We are absolutely in the hands of the audience. We sometimes pretend (to ourselves) that we should write set lists for the night (we typically play for about three hours) but after two or three tunes, we’ll start calling songs from the back of our memories that fit what is happening in the room. Sometimes the audience behaves in very un-anticipated ways, they’ll dance to the slowest blues - and then sit down and listen to the up-tempo funk-influenced material, and the next night they might have the opposite reaction. When the audience comes up to us at the end of the night to thank us collectively and individually – we thank them – because they created the evening.

Which was the best moment of your career and which was the worst?
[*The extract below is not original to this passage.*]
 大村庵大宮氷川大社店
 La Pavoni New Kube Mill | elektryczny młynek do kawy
The first most exciting moment I experienced was playing at The Rainbow Theater in Finsbury Park North London, standing on the same stage that Jimi Hendrix, Eric Clapton, Traffic, BB King, Van Morrison, Little Feat, Pink Floyd, Frank Zappa had played on. I think perhaps the worst moment was playing in the Metro in Paris – and getting beaten up by skinheads.

Do you have any amusing tales to tell from Sunday Blues Jam at both the Loft in Harvard Square?
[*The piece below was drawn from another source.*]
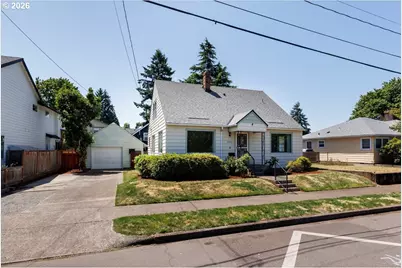 4440 SE Evergreen St, Portland, OR 97206 - Photo 2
We were asked to host the Sunday Blues Jam at the Loft (what had previously been the House of Blues in Cambridge) and we set up every afternoon, played for an hour, then invited musicians to step up, and we’d accompany them if wanted, then at the end of the night we’d finish up with a few more songs and strike before the room became a discotheque. There was a house engineer doing sound, and every week the guests would treat him in their own ways. Sometimes guitar players would come in from out of town, and be so loud the engineer would turn them off, once a vocalist asked for so much volume on the monitors, that we turned the PA off. The stage was tiny and people were always falling off it – especially if they’d been drinking. One night I invited the entire cast of a play at the nearby Arts Theater to join us – they were from the Netherlands, and so we sang the blues in Dutch for the rest of the evening.
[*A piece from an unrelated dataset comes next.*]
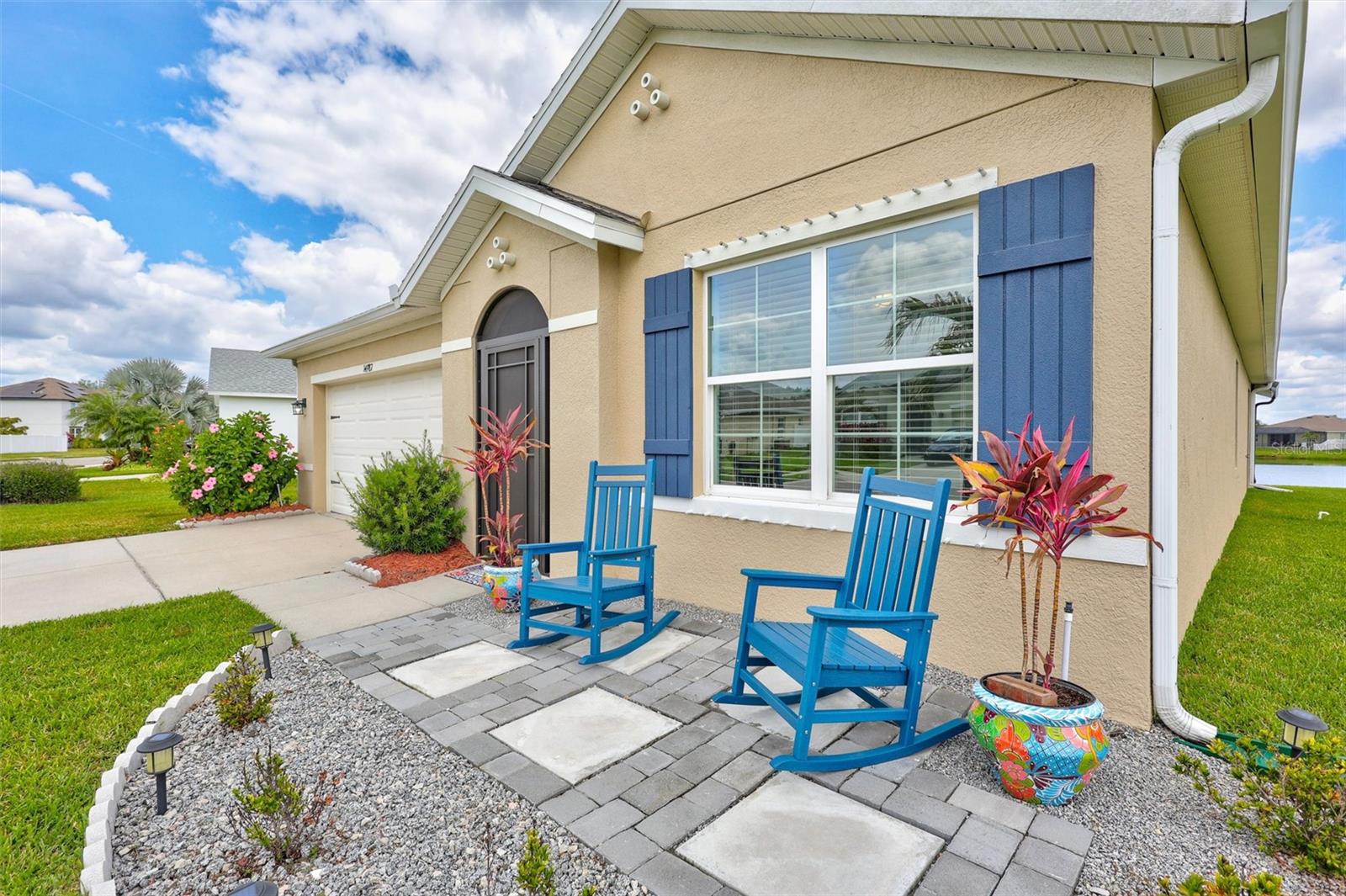 DEL TIERRA PH IV-B & IV-C - Residential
What are some of the memorable stories from jams, gigs and recording time you've had?

I’ve played to an audience of Hells’ Angels in a ruined castle, who sat on their motorbikes as we played, and flashed their headlights in approval. Played in the Netherlands where loaded syringes were on display for sale in the venue lobby. In New York I played literally on the bar at a club called No-se-no with no lighting except in the single bathroom - which was lit with UV (ultra violet) lighting, so if you couldn’t see the blue toilet seat that meant someone was sitting on it.

The audience was entirely comprised of policemen (on and off duty) and prostitutes with their pimps. I’ve lost count of the amount of times I played CBGB’s on the bowery to hear of someone running out the back exit of the club with a guitar snatched off the stage or out of the main “dressing” room under and behind the stage.

From the musical point of view is there any difference between Boston music scene & other local scenes?

Having lived and played in Europe, New York, Austin Texas and Boston, I’ve found the differences to be not so much musical as technical and financial, of course that may be an expression of the changes in the commercial aspects of music over the past twenty five years, where there is a greater density of population the clubs compete with one another and squeeze the bands, when you play way out of town – the rooms/venues are fewer and farther between and the people who come genuinely show their approval, whereas in downtown New York – the club will

Some music styles can be fads but the blues is always with us. Why do think that is? Give one wish for the BLUES

There was an interesting book called “The Hidden Persuaders” written by Vance Packard published in 1957 - which in part described the entry of psychology into the commercial world, and the associated fields of advertising where manufacturers started to use modern psychiatry to “motivate” buyers – into buying objects they either didn’t truly need or want.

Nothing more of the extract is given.